Start of Excerpted records
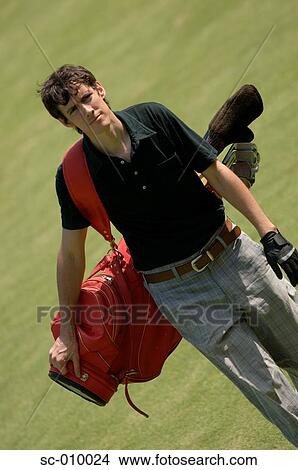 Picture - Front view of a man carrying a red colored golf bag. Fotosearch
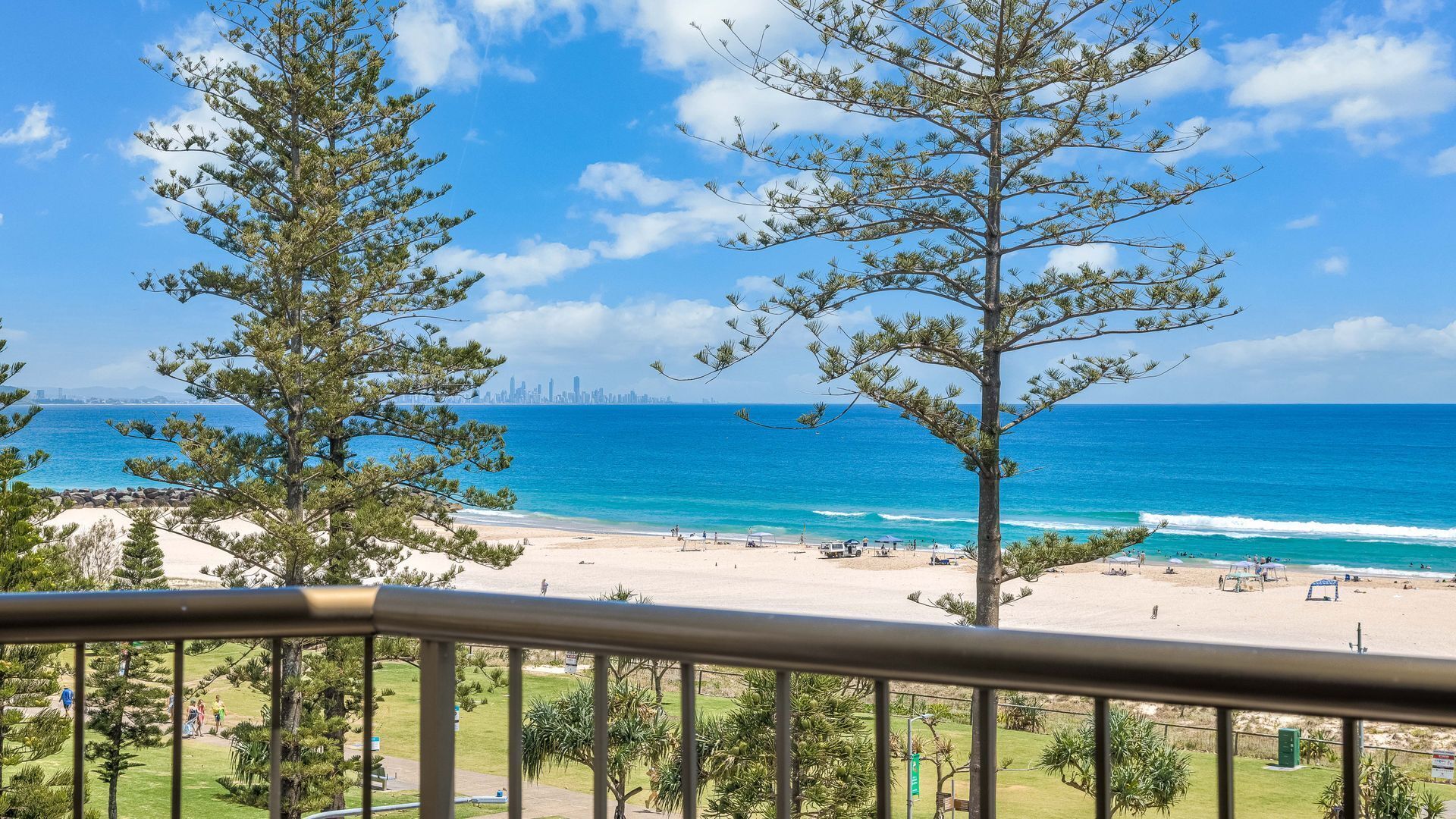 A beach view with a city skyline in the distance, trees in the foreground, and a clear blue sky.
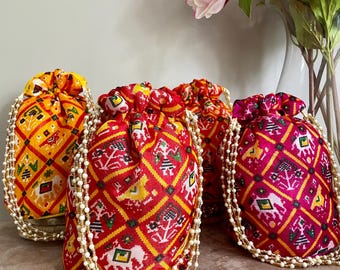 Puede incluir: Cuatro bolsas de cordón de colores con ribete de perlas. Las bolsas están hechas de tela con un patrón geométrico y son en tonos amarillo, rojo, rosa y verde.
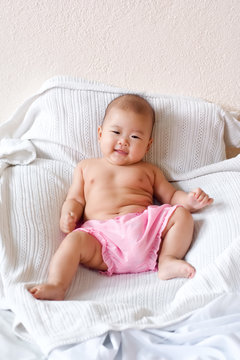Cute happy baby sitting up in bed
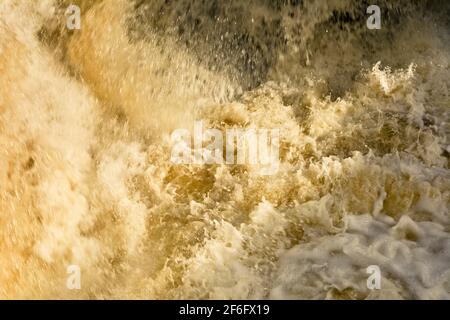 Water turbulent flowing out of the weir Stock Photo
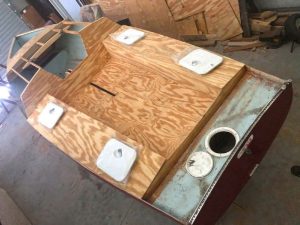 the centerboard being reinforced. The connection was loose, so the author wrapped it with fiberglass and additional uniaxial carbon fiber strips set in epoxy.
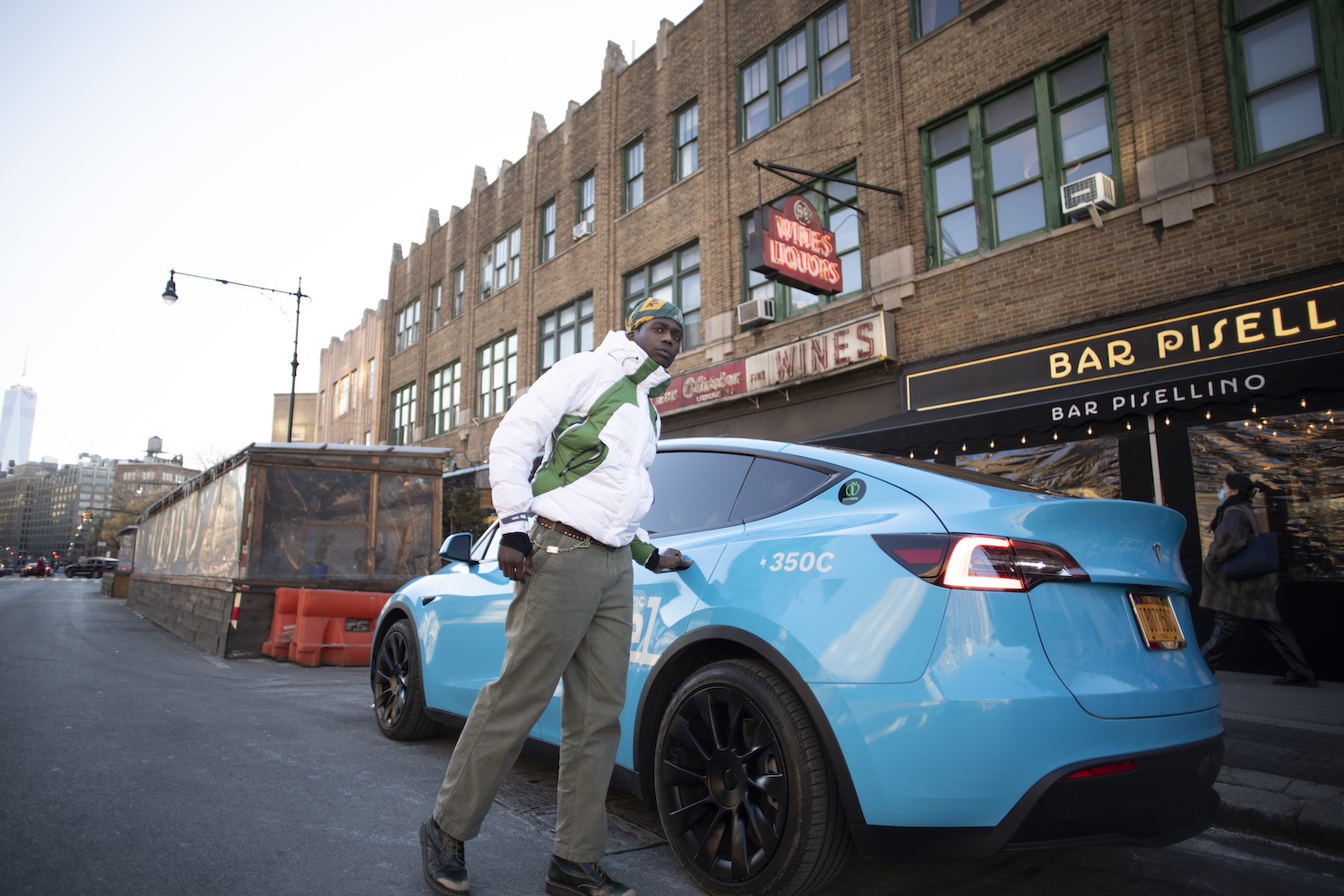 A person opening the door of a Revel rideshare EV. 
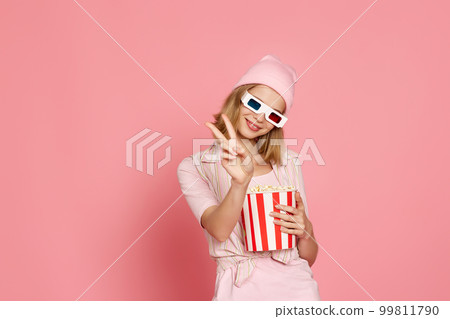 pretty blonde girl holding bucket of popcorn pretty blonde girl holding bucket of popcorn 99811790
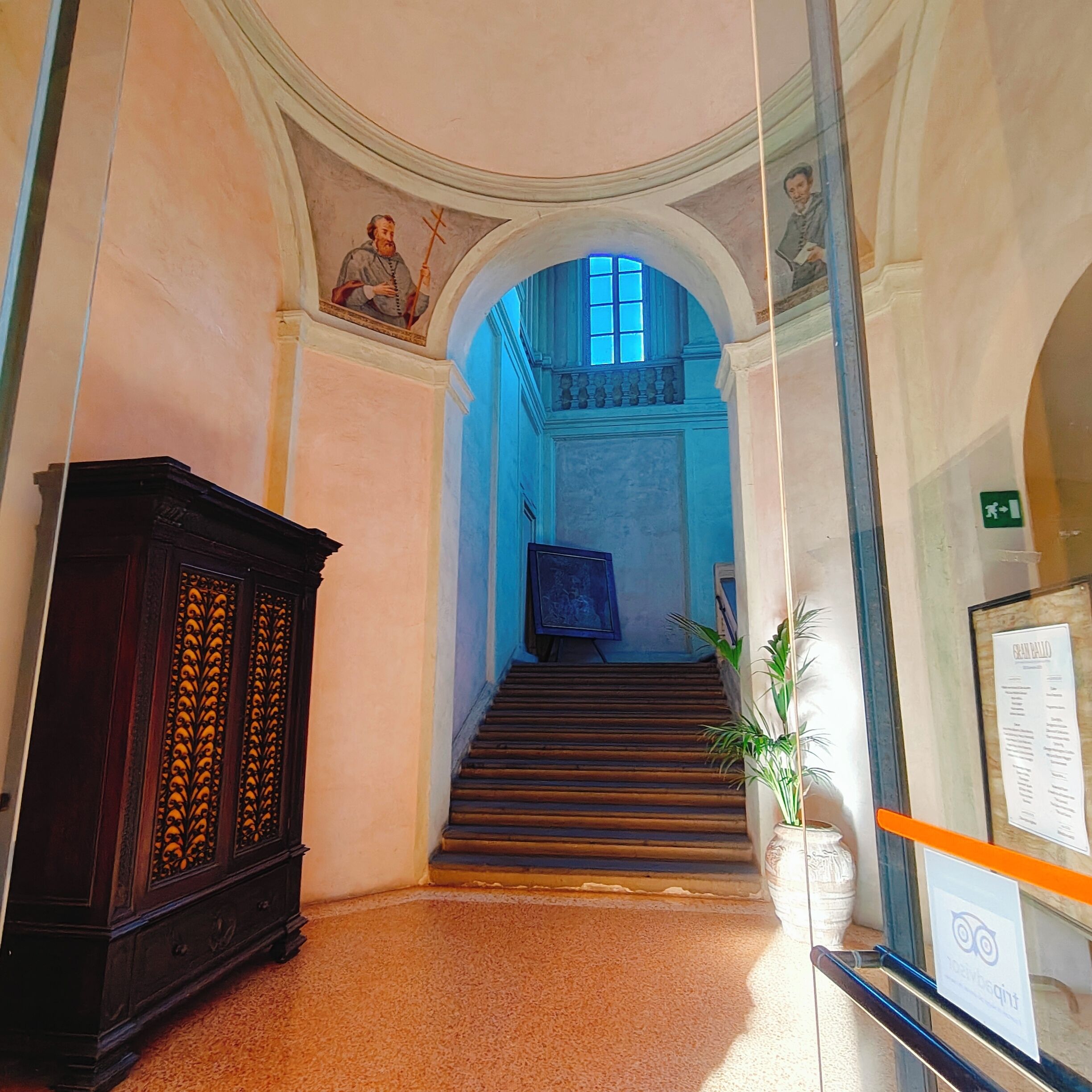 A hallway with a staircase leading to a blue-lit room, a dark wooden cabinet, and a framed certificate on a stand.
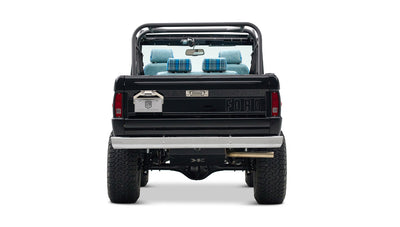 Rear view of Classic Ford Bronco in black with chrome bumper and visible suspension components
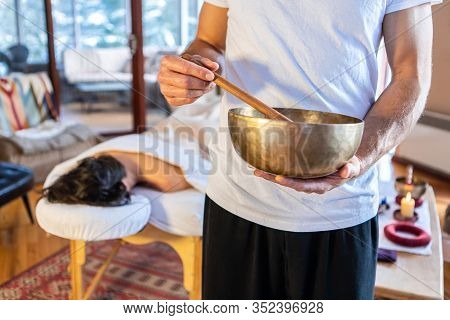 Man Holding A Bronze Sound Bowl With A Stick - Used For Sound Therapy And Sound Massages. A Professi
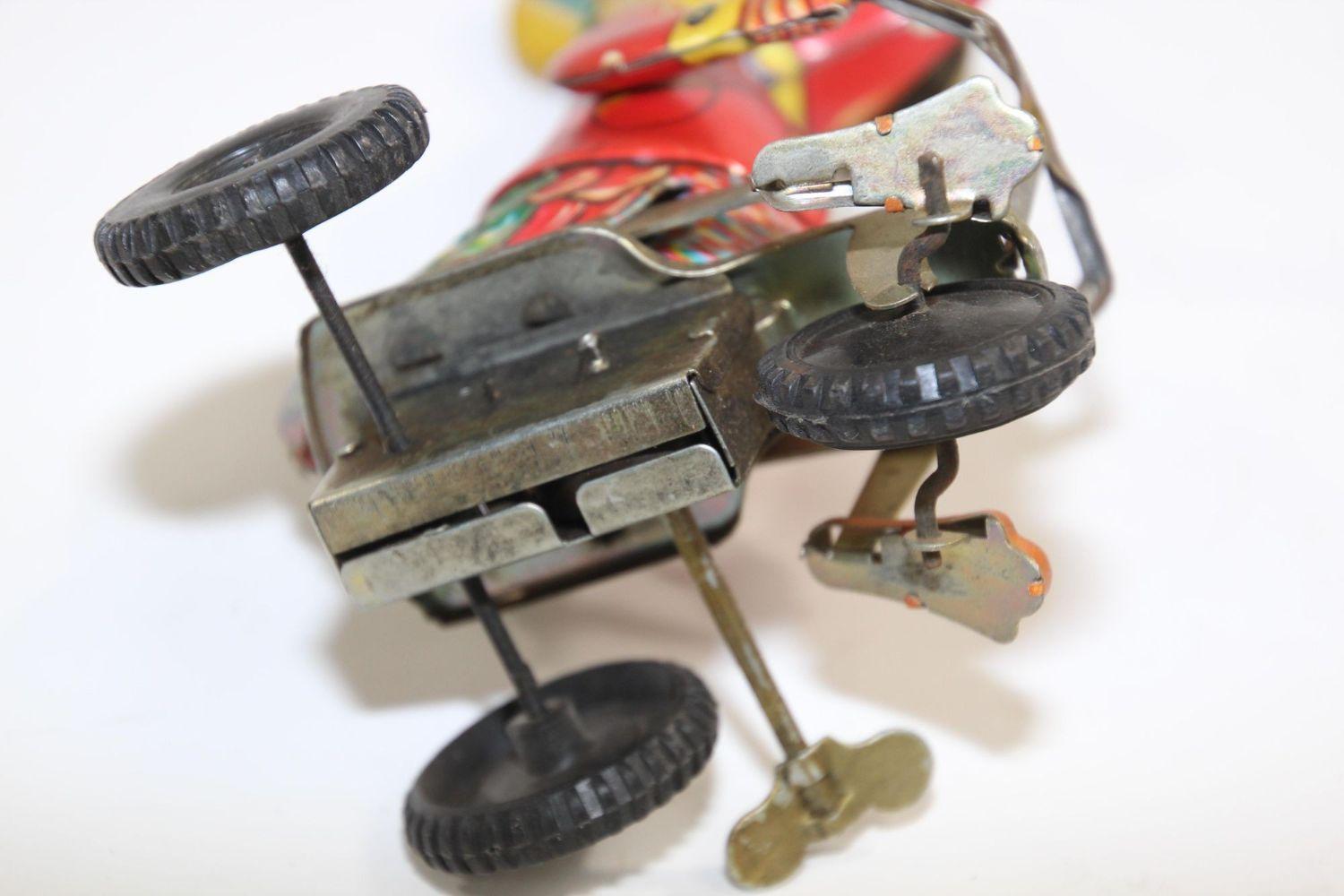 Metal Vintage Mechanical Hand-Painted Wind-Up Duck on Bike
End of Excerpted records
* Exercise details:
Where the line with "the centerboard being" appears in the entries above, begin there and restate every line to the end word for word, minus the pictures.

* Exercise answer:
 the centerboard being reinforced. The connection was loose, so the author wrapped it with fiberglass and additional uniaxial carbon fiber strips set in epoxy.
 A person opening the door of a Revel rideshare EV. 
 pretty blonde girl holding bucket of popcorn pretty blonde girl holding bucket of popcorn 99811790
 A hallway with a staircase leading to a blue-lit room, a dark wooden cabinet, and a framed certificate on a stand.
 Rear view of Classic Ford Bronco in black with chrome bumper and visible suspension components
 Man Holding A Bronze Sound Bowl With A Stick - Used For Sound Therapy And Sound Massages. A Professi
 Metal Vintage Mechanical Hand-Painted Wind-Up Duck on Bike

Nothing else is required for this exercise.